# COVID-19 Data Analysis

This notebook analyzes COVID-19 impacts using a dataset containing global case and death data.

In [None]:

import pandas as pd
import matplotlib.pyplot as plt
import seaborn as sns

# Load the dataset
file_path = 'COVID-19 Coronavirus.csv'
data = pd.read_csv(file_path)

# Summary statistics
print(data.describe())

# Cases and deaths by continent
continent_impact = data.groupby('Continent')[['Total Cases', 'Total Deaths']].sum()
continent_impact.plot(kind='bar', figsize=(10, 6))
plt.title('COVID-19 Total Cases and Deaths by Continent')
plt.ylabel('Count')
plt.xlabel('Continent')
plt.xticks(rotation=45)
plt.show()

# Correlation heatmap
correlation_matrix = data.corr()
sns.heatmap(correlation_matrix, annot=True, cmap='coolwarm', fmt=".2f", figsize=(8, 6))
plt.title('Correlation Matrix')
plt.show()
    

## Key Findings


1. **Summary Statistics**: 
   - Total cases range up to 81.8 million.
   - Cases per million population show significant variation.

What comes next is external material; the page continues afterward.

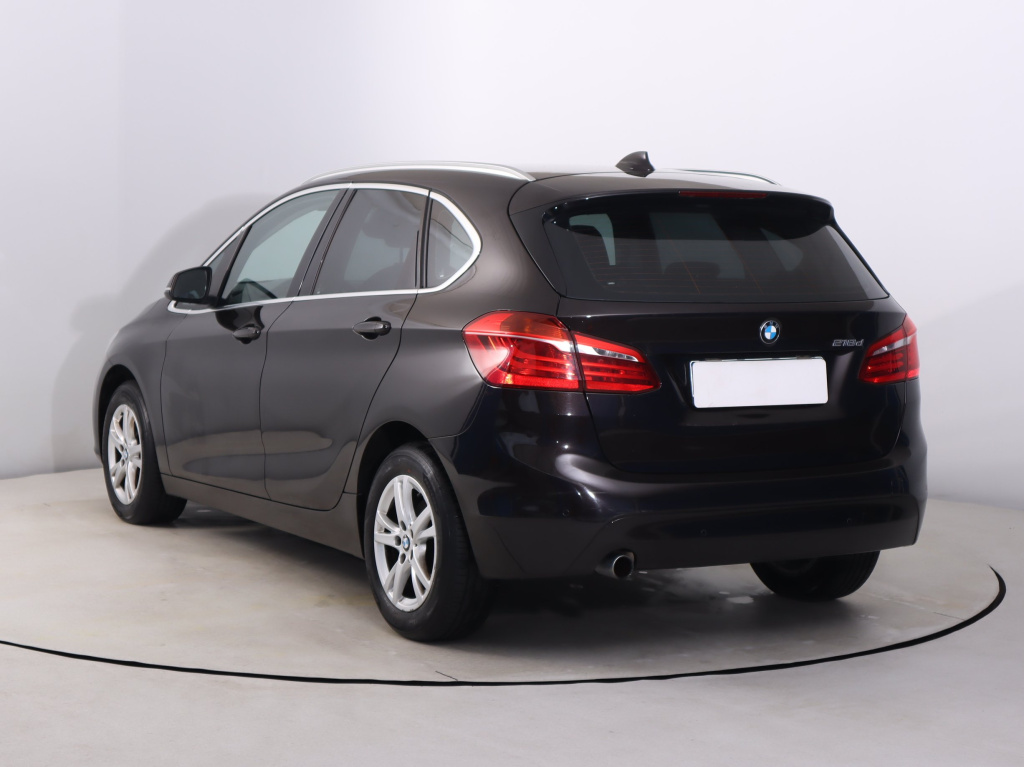 BMW 2 Active Tourer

2. **Continent Analysis**:
   - Africa has the highest number of countries in the dataset (58).
   - Total cases and deaths are higher in regions with larger populations and testing.

3. **Correlation Insights**:
   - Strong correlation between Total Cases and Total Deaths.
   - Population shows a moderate correlation with cases and deaths.